Dans le Bendôwa, Maître Dôgen a écrit que la pratique et l'éveil n'ont ni commencement ni fin. Quand bien même nous parlons de pratique et d'éveil, ceux-ci ne sont qu'une seule et même chose. C'est pourquoi tous les bouddhas et tous les patriarches n'ont cessé de pratiquer. Le Bouddha Shâkyamuni a pratiqué dans la forêt pendant six ans et Bodhidharma dans une grotte pendant neuf ans. Mais ils ne pratiquaient pas afin d'obtenir l'éveil. Beaucoup sont déçus lorsqu'on leur dit que la pratique et l'éveil ne prennent jamais fin. Lorsqu'on n'a pas compris ce point essentiel, il est difficile de pratiquer longuement le zen.
Maitre Eckhart dit encore : "Voyez : selon qu'il est Un et simple, il vient dans cet Un que je nomme un petit château-fort dans l'âme, autrement il n'y pénètre d'aucune manière, ainsi seulement il y pénètre et y demeure. Par cette partie d'elle-même, l'âme est semblable à Dieu, et non autrement." (Sermon Intravit Iesus in quoddam castellum, traduction Jeanne Hancelet-Hustache).

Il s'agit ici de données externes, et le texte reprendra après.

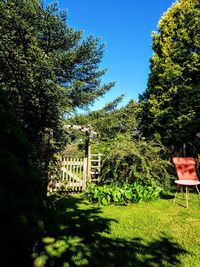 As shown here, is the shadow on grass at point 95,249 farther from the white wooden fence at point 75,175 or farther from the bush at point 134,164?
the white wooden fence at point 75,175

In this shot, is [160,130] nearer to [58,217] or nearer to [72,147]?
[72,147]

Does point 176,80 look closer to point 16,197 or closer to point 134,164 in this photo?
point 134,164

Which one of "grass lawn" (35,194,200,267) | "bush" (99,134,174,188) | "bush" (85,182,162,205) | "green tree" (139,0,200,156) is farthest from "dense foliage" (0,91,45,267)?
"green tree" (139,0,200,156)

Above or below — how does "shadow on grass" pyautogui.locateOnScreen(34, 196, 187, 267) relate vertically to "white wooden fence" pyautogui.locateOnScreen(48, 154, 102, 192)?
below

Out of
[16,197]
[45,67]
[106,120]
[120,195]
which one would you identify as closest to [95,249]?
[16,197]

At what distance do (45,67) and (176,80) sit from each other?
7.56 metres

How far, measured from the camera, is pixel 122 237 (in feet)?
13.2

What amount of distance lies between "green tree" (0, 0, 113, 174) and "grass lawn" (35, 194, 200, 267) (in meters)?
1.64

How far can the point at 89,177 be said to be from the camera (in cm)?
848

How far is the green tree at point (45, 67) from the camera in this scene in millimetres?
4922

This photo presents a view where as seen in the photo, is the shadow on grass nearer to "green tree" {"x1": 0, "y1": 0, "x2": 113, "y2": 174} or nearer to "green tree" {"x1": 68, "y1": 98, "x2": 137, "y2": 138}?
"green tree" {"x1": 0, "y1": 0, "x2": 113, "y2": 174}

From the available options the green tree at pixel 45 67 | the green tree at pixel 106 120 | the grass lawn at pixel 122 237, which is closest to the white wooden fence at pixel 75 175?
the green tree at pixel 45 67

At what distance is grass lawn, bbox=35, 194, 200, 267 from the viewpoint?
3.26m

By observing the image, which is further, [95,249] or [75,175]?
[75,175] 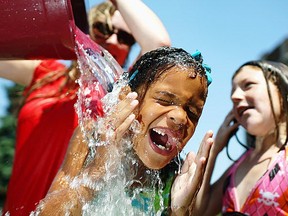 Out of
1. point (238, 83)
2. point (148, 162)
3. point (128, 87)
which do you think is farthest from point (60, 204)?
point (238, 83)

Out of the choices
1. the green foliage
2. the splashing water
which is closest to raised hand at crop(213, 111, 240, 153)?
the splashing water

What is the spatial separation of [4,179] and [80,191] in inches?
383

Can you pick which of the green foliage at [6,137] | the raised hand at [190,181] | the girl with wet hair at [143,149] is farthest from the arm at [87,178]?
the green foliage at [6,137]

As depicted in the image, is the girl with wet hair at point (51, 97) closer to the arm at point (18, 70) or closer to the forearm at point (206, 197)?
the arm at point (18, 70)

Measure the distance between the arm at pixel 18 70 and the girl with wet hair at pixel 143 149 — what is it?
75 centimetres

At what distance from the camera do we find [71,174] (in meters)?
1.68

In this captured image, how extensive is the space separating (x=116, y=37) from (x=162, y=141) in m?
0.81

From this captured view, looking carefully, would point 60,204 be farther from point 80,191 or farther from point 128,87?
point 128,87

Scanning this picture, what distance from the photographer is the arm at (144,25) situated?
2074mm

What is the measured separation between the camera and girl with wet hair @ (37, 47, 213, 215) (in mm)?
1583

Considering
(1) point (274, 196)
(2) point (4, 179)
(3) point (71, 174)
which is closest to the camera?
(3) point (71, 174)

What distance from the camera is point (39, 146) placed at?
7.35 ft

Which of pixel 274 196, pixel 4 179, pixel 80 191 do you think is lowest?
pixel 4 179

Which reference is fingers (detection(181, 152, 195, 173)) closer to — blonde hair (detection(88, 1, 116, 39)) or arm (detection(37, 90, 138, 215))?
arm (detection(37, 90, 138, 215)) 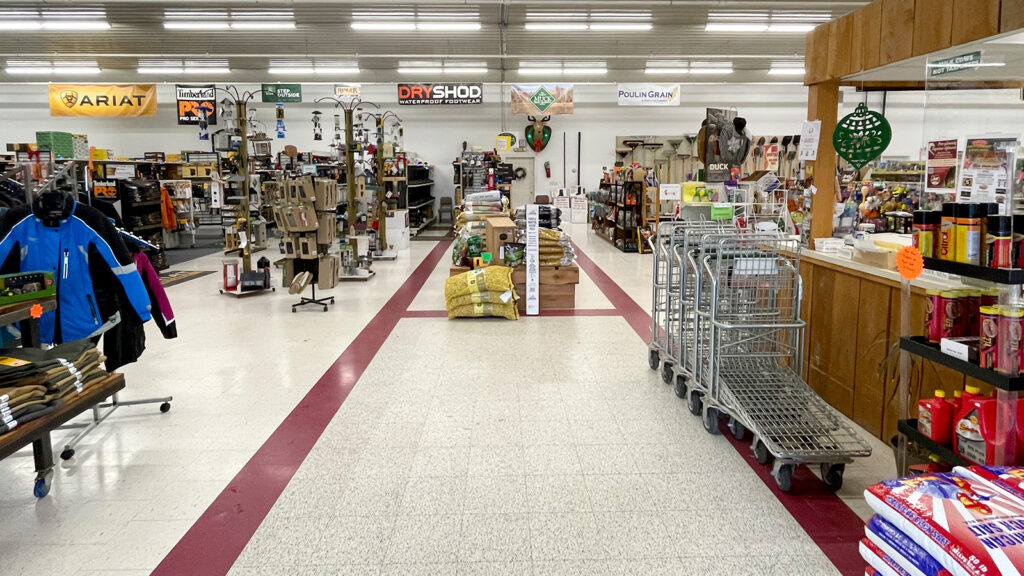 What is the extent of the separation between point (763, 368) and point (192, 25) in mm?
12264

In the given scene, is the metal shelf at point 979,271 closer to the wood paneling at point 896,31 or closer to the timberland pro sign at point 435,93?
the wood paneling at point 896,31

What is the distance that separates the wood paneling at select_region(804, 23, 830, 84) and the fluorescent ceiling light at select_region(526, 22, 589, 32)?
25.9ft

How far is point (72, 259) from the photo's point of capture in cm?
360

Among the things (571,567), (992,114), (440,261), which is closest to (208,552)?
(571,567)

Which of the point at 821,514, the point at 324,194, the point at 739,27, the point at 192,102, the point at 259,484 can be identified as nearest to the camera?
the point at 821,514

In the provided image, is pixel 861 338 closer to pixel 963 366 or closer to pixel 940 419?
pixel 940 419

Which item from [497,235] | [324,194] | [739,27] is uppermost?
[739,27]

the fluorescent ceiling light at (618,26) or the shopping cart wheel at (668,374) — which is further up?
the fluorescent ceiling light at (618,26)

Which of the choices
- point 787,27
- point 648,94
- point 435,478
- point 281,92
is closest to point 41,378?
point 435,478

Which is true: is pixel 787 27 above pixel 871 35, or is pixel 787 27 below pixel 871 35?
above

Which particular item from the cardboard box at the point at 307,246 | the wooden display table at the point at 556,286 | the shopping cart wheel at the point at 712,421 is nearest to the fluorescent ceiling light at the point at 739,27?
the wooden display table at the point at 556,286

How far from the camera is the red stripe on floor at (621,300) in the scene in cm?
645

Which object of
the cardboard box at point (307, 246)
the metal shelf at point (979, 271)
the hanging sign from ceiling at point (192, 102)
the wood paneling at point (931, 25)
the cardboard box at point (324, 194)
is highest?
the hanging sign from ceiling at point (192, 102)

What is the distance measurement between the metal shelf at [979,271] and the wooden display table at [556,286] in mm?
4941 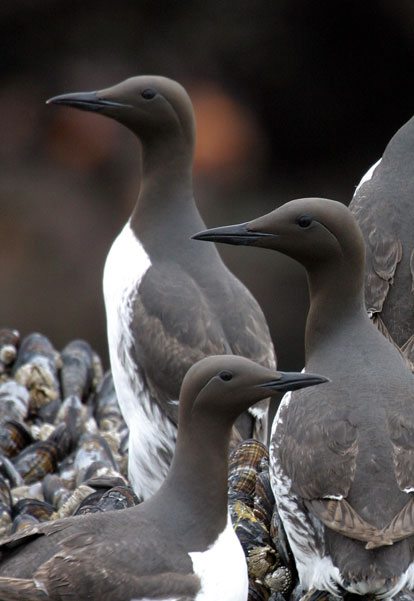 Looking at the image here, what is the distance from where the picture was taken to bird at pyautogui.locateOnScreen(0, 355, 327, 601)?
18.8 ft

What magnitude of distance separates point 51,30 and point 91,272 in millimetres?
2782

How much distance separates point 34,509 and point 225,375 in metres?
1.76

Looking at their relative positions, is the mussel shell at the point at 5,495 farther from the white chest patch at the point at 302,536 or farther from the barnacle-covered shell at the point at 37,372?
the barnacle-covered shell at the point at 37,372

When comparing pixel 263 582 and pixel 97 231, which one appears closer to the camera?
pixel 263 582

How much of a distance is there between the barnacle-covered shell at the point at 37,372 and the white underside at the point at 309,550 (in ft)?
10.5

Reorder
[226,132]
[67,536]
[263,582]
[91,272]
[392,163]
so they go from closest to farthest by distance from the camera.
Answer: [67,536], [263,582], [392,163], [91,272], [226,132]

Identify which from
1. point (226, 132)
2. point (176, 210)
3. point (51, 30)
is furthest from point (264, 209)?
point (176, 210)

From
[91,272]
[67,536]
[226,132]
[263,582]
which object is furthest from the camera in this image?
[226,132]

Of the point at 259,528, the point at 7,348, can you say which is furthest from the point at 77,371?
the point at 259,528

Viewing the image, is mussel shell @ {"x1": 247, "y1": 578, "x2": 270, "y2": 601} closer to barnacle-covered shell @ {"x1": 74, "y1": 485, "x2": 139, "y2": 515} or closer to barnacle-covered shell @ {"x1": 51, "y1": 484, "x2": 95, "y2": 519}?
barnacle-covered shell @ {"x1": 74, "y1": 485, "x2": 139, "y2": 515}

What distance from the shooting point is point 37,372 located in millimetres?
9586

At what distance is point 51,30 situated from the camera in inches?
752

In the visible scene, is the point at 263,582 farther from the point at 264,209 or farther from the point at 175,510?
the point at 264,209

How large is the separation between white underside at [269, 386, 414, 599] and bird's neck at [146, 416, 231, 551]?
0.28 m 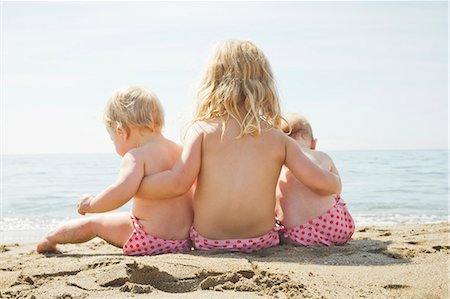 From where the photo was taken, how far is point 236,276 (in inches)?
113

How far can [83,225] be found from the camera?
13.5 feet

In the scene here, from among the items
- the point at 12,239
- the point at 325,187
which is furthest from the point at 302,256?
the point at 12,239

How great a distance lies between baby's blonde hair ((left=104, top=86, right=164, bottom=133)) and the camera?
3.97 meters

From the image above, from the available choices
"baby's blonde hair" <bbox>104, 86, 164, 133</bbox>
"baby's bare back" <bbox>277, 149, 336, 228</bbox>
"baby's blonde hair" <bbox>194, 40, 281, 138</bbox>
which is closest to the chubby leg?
"baby's blonde hair" <bbox>104, 86, 164, 133</bbox>

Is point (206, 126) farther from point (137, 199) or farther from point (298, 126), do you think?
point (298, 126)

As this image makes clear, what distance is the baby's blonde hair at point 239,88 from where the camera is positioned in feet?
12.6

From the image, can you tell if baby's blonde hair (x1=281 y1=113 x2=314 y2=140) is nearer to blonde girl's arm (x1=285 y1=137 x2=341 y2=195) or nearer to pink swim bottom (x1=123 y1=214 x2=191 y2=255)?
blonde girl's arm (x1=285 y1=137 x2=341 y2=195)

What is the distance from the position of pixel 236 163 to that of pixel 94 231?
1.13 m

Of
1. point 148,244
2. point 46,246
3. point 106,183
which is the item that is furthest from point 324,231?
point 106,183

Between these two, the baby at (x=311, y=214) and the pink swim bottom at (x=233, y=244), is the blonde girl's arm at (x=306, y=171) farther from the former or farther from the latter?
the pink swim bottom at (x=233, y=244)

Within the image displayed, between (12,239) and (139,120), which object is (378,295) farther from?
(12,239)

Maître Eckhart emploie l'expression "petit château-fort". Dans le zen, nous utilisons le symbole du cercle. Mais comment pénétrer dans ce cercle vide ou dans ce château-fort ? Il faut nous oublier nous-mêmes et nous dépasser. Par cet abandon et cet oubli, nous pénétrons dans le cercle. Lorsque nous parlons de dépasser, on pourrait croire qu'il y a quelque chose de plus en dehors de nous, mais maître Eckhart dit bien : "le petit château-fort dans l'âme". À ce château-fort dans l'âme nul chemin, nulle voie, nulle porte n'y mène. On ne sait y accéder sinon par l'Un et le Pur.
Nous nous demandons : pourquoi simplement s'asseoir ? En vertu de quoi ? Mais s'asseoir ainsi n'a pas de cause. Simplement s'asseoir veut juste dire simplement s'asseoir. Tant que nous avons encore besoin d'une cause ou d'un but, nous ne savons pas trouver la paix dans zazen. Nous cherchons quelque chose de plus, quelque chose qui se trouverait "derrière" zazen et du coup nous sommes déchus de l'Un. C'est seulement lorsque nous n'avons plus besoin de cause que nous trouvons la paix.
Il ne faut pas croire que deux se rejoignent dans l'union et, de ce fait, deviennent un. L'Un est un et n'a jamais été divisé. C'est là encore l'expérience de zazen. Cette pratique nous donne la posture d'un bouddha, la respiration d'un bouddha et l'esprit d'un bouddha.
Dans le chapitre Kaiin zammai ("Le samâdhi du sceau de l'océan") du Shôbôgenzô, Maître Dôgen écrit que tous les fleuves se jettent dans l'océan. Tous les fleuves, si différents soient-ils, deviennent un. Il dit aussi que lorsque les vagues de l'océan sont soulevées par le vent, elles meurent sur le rivage. De ce point de vue, nous voyons des vagues qui naissent et qui meurent, nous voyons un avant et un après. Et pourtant dans le samâdhi, nous ne voyons pas que les vagues, nous voyons aussi l'eau de l'océan. Il est dit que les vagues sont de l'eau et que l'eau n'est pas séparée des vagues. Si nous contemplons l'océan en regardant l'eau, il n'y a plus alors ni apparition ni disparition et l'océan ne décroît ni n'augmente. C'est là le samâdhi de l'océan. Pratiquer zazen, c'est atteindre et conserver ce samâdhi.